Return the full listing unchanged, excluding any images it contains.

- _INFORMATION SUPPLIED_:
○ ○ ○ ○ ○ ○ ○
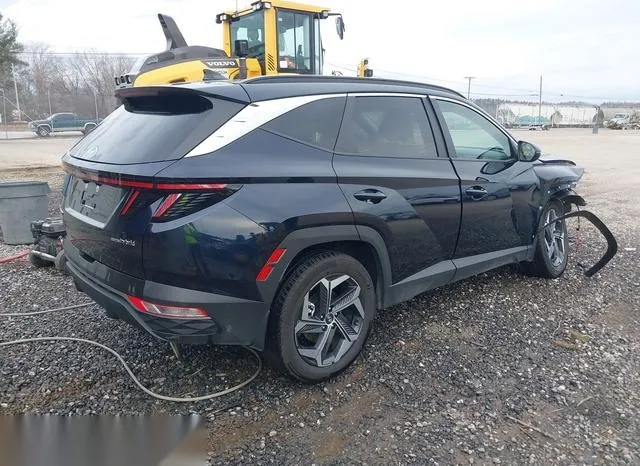 KM8JCCD12RU185444 2024 2024 Hyundai Tucson- Hybrid Sel Conv 4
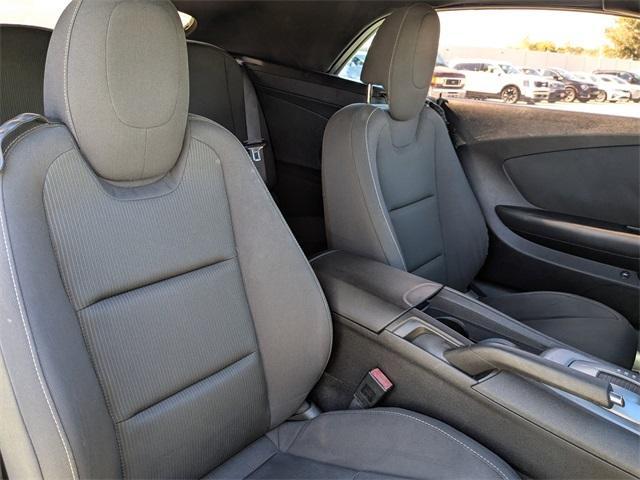 used 2015 Chevrolet Camaro car, priced at $16,900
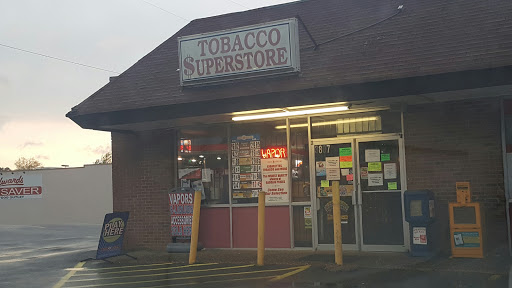 Tobacco Shop «Tobacco SuperStore #29», reviews and photos, 3807 Camp Robinson Rd, North Little Rock, AR 72118, USA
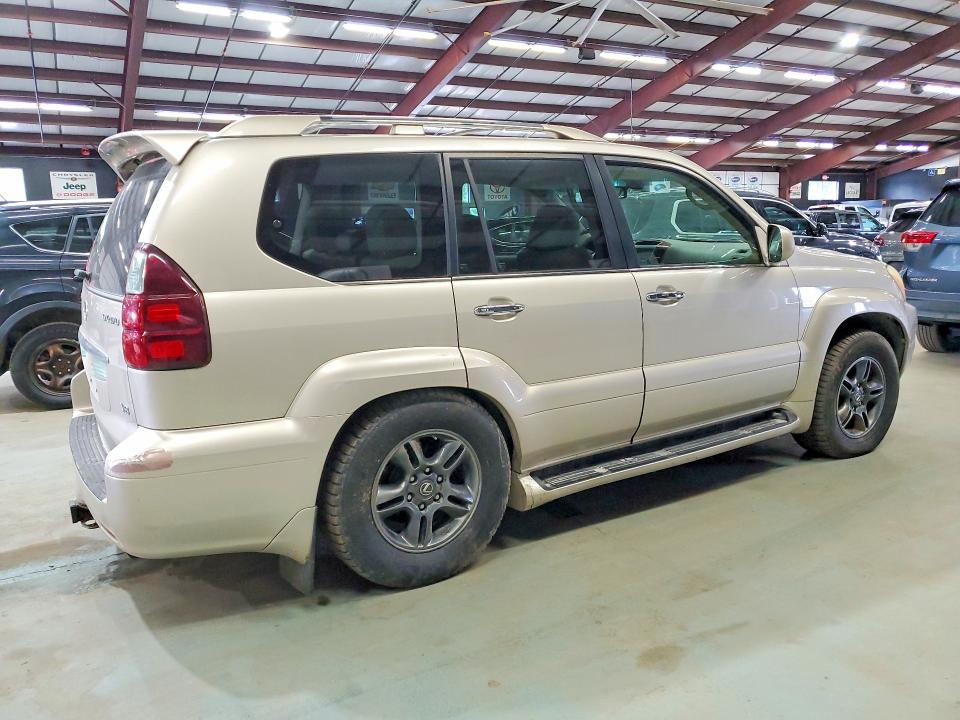 Продаж на аукціоні авто 2009 Lexus Gx, vin: JTJBT20X990176046, номер лоту: 64254326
○ ○ ○ ○ ○ ○ ○
- _PROBLEM SOLUTION_:
 KM8JCCD12RU185444 2024 2024 Hyundai Tucson- Hybrid Sel Conv 4
 used 2015 Chevrolet Camaro car, priced at $16,900
 Tobacco Shop «Tobacco SuperStore #29», reviews and photos, 3807 Camp Robinson Rd, North Little Rock, AR 72118, USA
 Продаж на аукціоні авто 2009 Lexus Gx, vin: JTJBT20X990176046, номер лоту: 64254326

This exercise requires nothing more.